Esse foi um dos erros de cálculo de Vladimir Putin. Conseguiu não só unir os países da NATO como até que a aliança se alargasse. Essa é uma das consequências desse ato brutal da invasão da Ucrânia. Uma grande constante da diplomacia francesa é que continuamos empenhados no multilateralismo, no universalismo da presença francesa. Continuamos a ter uma rede diplomática e consular das maiores do mundo porque queremos estar em todo o lado onde é útil estarmos. O facto de reinvestir e reequilibrar as nossas parcerias com os países africanos não nos impede, em primeiro lugar, de continuar a ter uma visão ambiciosa da UE. Nas questões de segurança e defesa, para nós continua importante que a NATO e a UE se coordenem da melhor forma, que sejam complementares. Já vimos que em situação de crise como a da pandemia, a UE consegue sair do seu perímetro, mesmo se no início há sempre um momento em que temos de nos ajustar. No final é a solidariedade que vence, um forte voluntarismo político que caracteriza a construção europeia. A saúde não era uma área comunitária, em que as coisas estavam estruturadas e organizadas. Mas mostrámos que, face a uma crise sem precedentes, fomos capazes - e nenhuma outra organização regional do mundo é capaz de fazer o mesmo - de nos concordar e de sermos mais fortes juntos do que cada um no seu canto. Por outro lado, França quer continuar a dialogar com todos os países do mundo. A diplomacia não é só falar com os amigos, é manter as amizades mas falar com os que não são nossos amigos. E sem querer necessariamente colocar na China no campo dos adversários, o presidente Macron esteve lá no início de abril e penso que é importante lá ir. Vemos que a Rússia e a China falam, mesmo se não estão de todo alinhadas na questão ucraniana, ao contrário do que certas narrativas querem fazer acreditar. Mas há tensões que reaparecem no mar do sul da China. É importante ir lá, passar a mensagem. Vivemos um momento de grande eruptividade, de grande fragilidade, por isso cada um tem de se mostrar responsável. A China é um dos membros permanentes do Conselho de segurança da ONU e, como tal, tem grande responsabilidade. Portanto, temos de estar presentes, de tomar a iniciativa mesmo quando é complicado. E - esta é também uma constante da diplomacia portuguesa - procurar sempre aliados. Sozinhos não podemos fazer muito coisa, por isso temos sempre de procurar alianças e aliados para sermos mais fortes.

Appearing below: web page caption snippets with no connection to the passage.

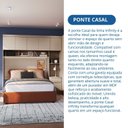 Ver imagem 6 de Módulo Ponte Casal Queen 6 Portas 1 Gaveta Infinity Bege/Duna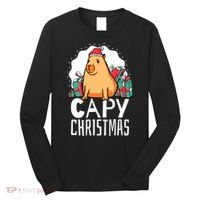 Capy Christmas Capybara Long Sleeve Shirt thumb 0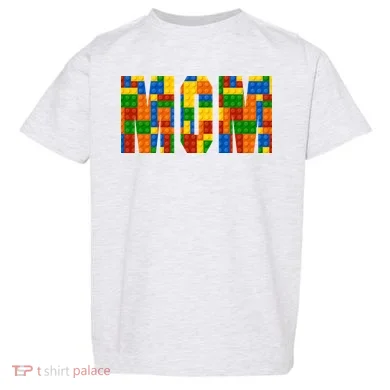 Funny Lego Builder Mom Toddler T-Shirt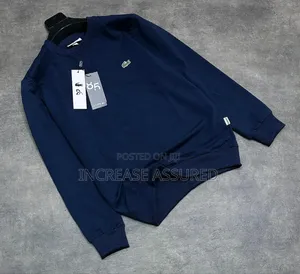 Luxury Lacoste Round Neck Sweater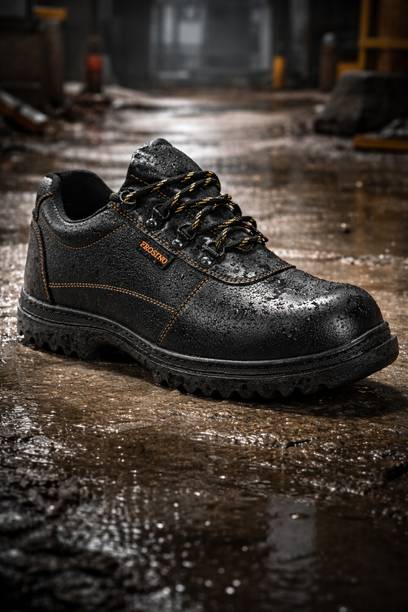 FROSINO Steel Toe Genuine Leather Safety Shoe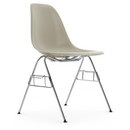 Eames Plastic Side Chair DSS, Galet, Sans rembourrage, Sans rembourrage, Avec liaison de rangée (DSS)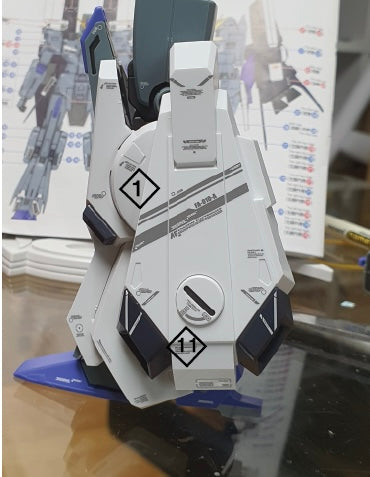 Delpi Water Decal (ดีคอลน้ำ) MG FAZZ Ver.Ka Gundam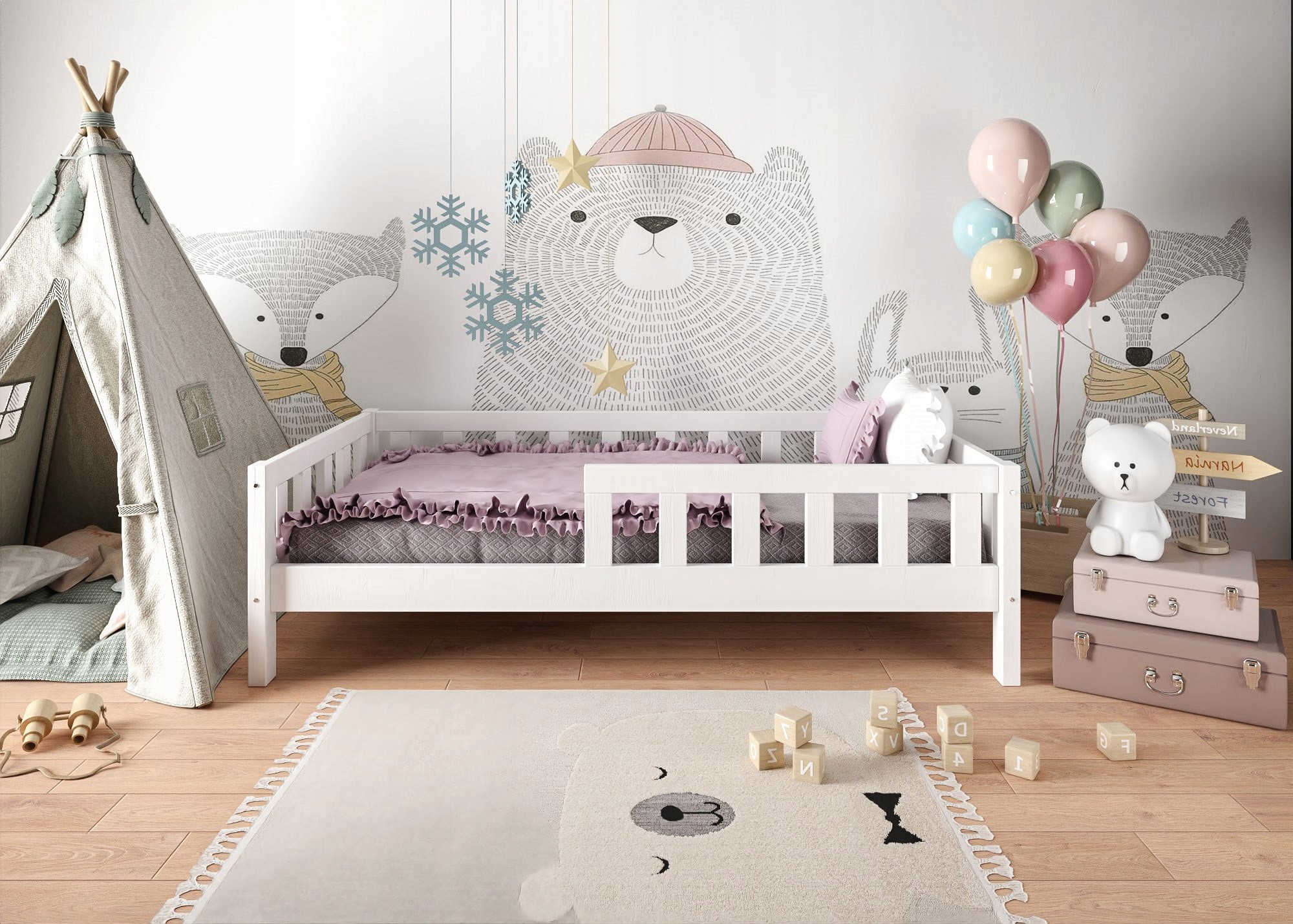 Łóżko dziecięce lackimeble 80x160 Marka Lackimeble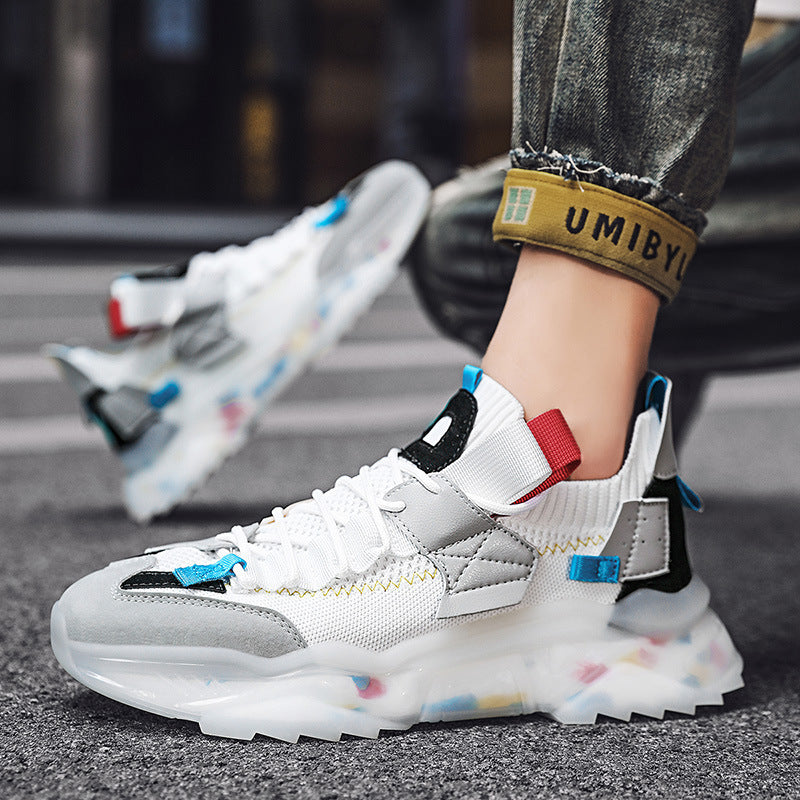 Damen Modische Outdoor-Sneaker mit atmungsaktiver Mesh-Oberfläche und rutschfester Sohle R&B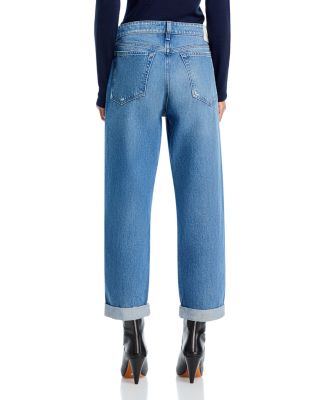 Dre Low-Rise Cuffed Baggy Jeans in Meyer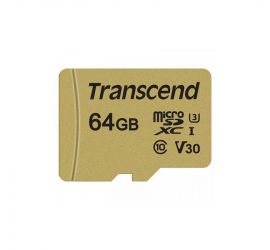 Transcend MicroSDXC/SDHC 500S 64GB Class 10 95MB/S 4K Ultra HD V30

A UE não está condenada a ter de escolher entre os dois grandes blocos liderados por China e EUA?
As questões internacionais são demasiado complexas para as simplificarmos dessa forma. É preciso ter cuidado. A UE, para mim, é um modelo. Para os jovens pode ser difícil de perceber. Para os que nasceram com o euro, para quem fazer Erasmus é óbvio, atravessar fronteiras sem pensar é normal. Mas é preciso perceber que não é normal... e não é irreversível. É preciso cuidar desse privilégio, estar vigilante e ir sempre mais longe. Sei que fica bem muitas vezes ser negativo - dizer que era melhor antes ou que podia ser melhor agora - , mas a verdade é que a UE é um feito extraordinário a nível histórico.